KINGSTON — The Jamaica Agricultural Society (JAS) has launched its first major in-store project to give momentum to the promotion, distribution and consumption of domestic agricultural production.
The pilot project was unveiled at one of the larger Corporate Area supermarkets and outlets for fresh fruits, vegetables and ground provisions, Michi Super Centre, Thursday (November 24), to increase the accessibility of “high standard, locally grown products.”
The supermarket has been designated a “JAS preferred retail outlet”, under the society’s Certification of Agricultural Produce Programme (CAPP)
Officially launching the project, JAS President, Glendon Harris, said that the facility was a practical expression of the theme, ‘From land to mouth, eat what we grow’.
“Today is indeed a tremendous occasion for the farmers of Jamaica, as this is a practical and deliberate channel to distribute quality agricultural produce at the JAS official preferred retail outlet, Michi Super Centre,” he said.
The launch coincided with the eighth anniversary of the ‘Eat Jamaican’ Campaign, undertaken by the JAS to encourage Jamaicans to support local production.
“With the theme ‘Grow what we eat, eat what we grow’, we have laid the foundation to ensure that local agricultural produce is deemed as priority for consumption,” Mr. Harris said.
He emphasized that critical elements of campaign included strict adherence to quality standards, as mandated by the Bureau of Standards Jamaica (BSJ).
"As a result alliances have been forged with the Bureau of Standards, through the Certification of Agricultural Produce Programme, with the objective of ensuring that our produce is of a recognized quality and is safe for distribution and use,” he explained.
He noted that the programme also involved the training of farmers to recognise, appreciate and practice appropriate standards.
“Farmers, who have been trained and certified under the BSJ’s Certification of Agricultural Produce Programme, now have a direct market for their produce and are able to offer this to our consumers,” he stated.
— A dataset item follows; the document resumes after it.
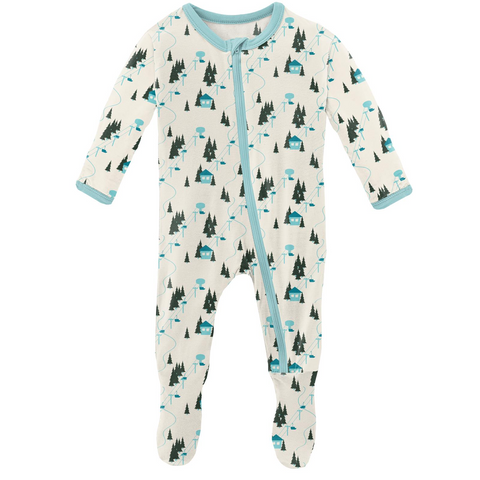 Kickee Pants Print Footie with Zipper - Natural Chairlift - Let Them Be Little, A Baby & Children's Clothing Boutique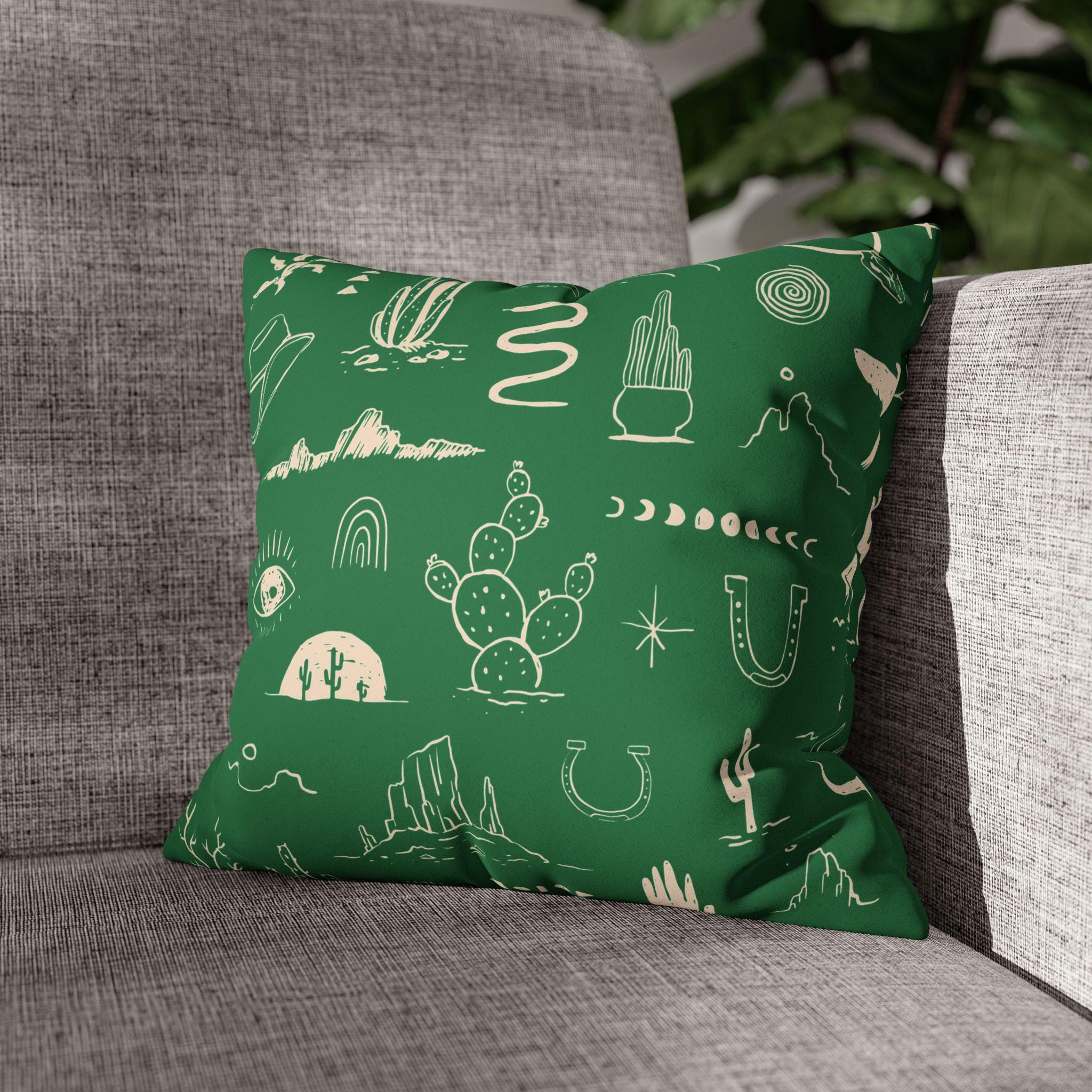 Western Motif Pillow Cover, Faux Suede Throw Pillowcase in 10 Colors, Cowboy Cactus Thunderbird Snake Design, 4 Sizes, Cowboy Decor Pillows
The International Institute for Cooperation in Agriculture, (IICA) has been a partner in promoting the development and competitiveness of Jamaica’s agricultural production, and its Rural Development Specialist, Shauna Brandon, explained that in recent years, the quality of domestic agricultural production has been a major factor in the achievement of price competitiveness of local produce.
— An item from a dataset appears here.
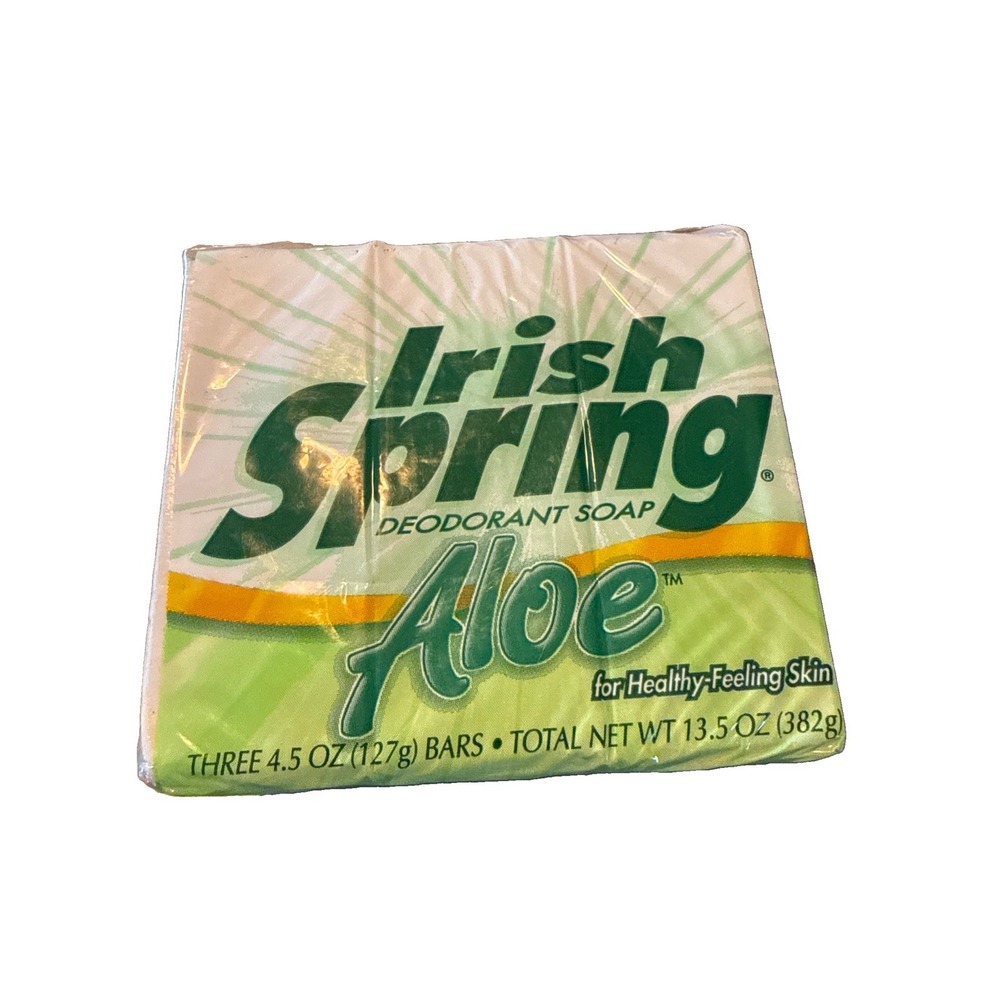 3 PK  Vintage Irish Spring Aloe Deodorant Bar Soap - 4.5 oz bars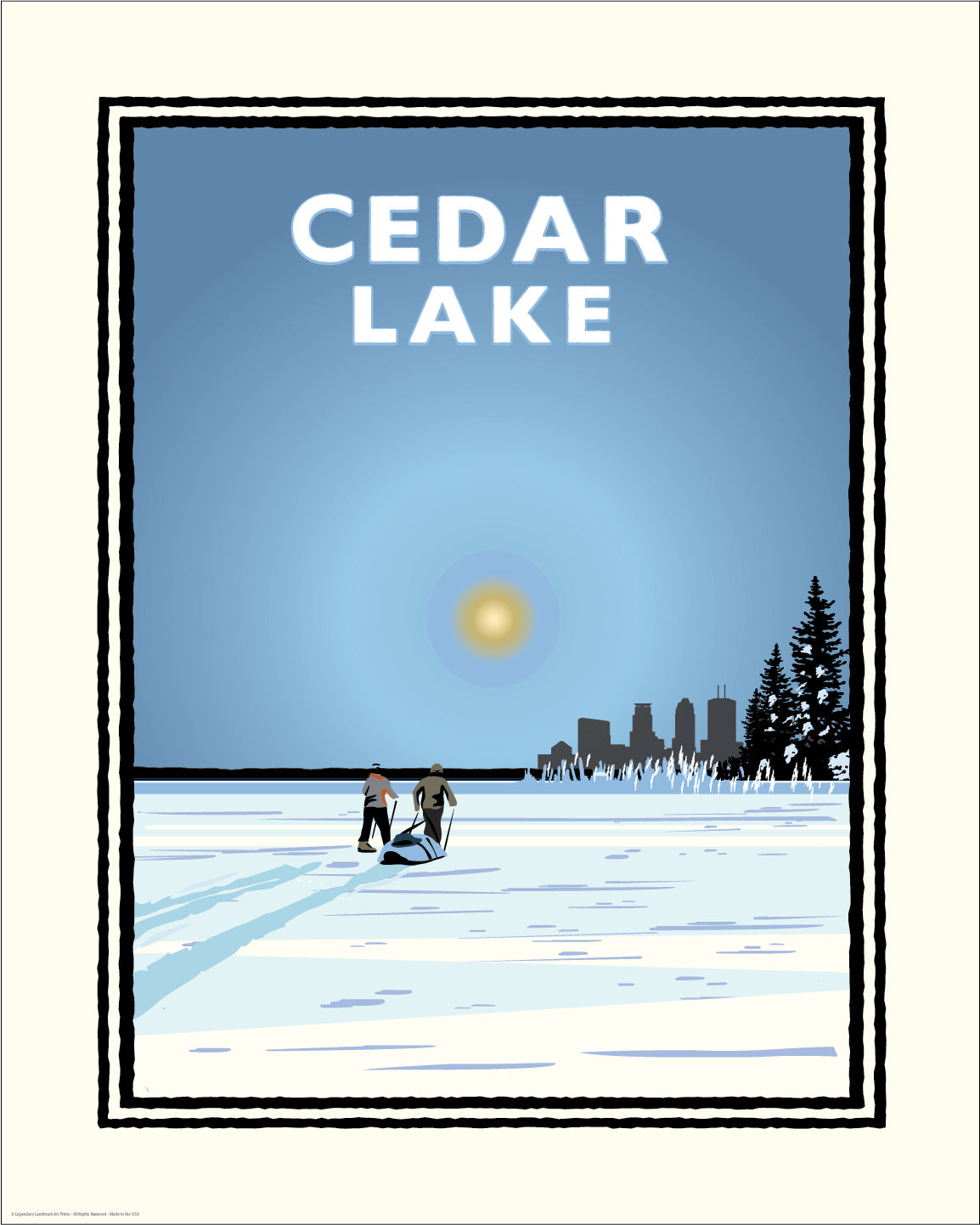 Cedar Lake Winter Sun Dog Minneapolis — Minnesota Art Print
She said that another important factor appeared to be increased productivity, coupled with favourable conditions which contribute to increased output, both in terms of quantity and quality.
Six years ago, by way of a Proclamation by the Governor General, the first ‘Eat Jamaican Day’, November 25, was declared for annual observance.
According to the JAS ‘statement of commitment’, a main pillar of the ‘Eat Jamaican Campaign’ is to encourage the Jamaicans to eat local products, with the requirement that the products are safe, wholesome, of excellent quality and is produced by an environmentally friendly process.
Although the Association’s main focus of this year’s celebrations will be on ‘Eat Jamaican Day’, other activities have been organized embracing youth in agriculture to promote agriculture and agro-processing, as profitable business opportunities with significant potential.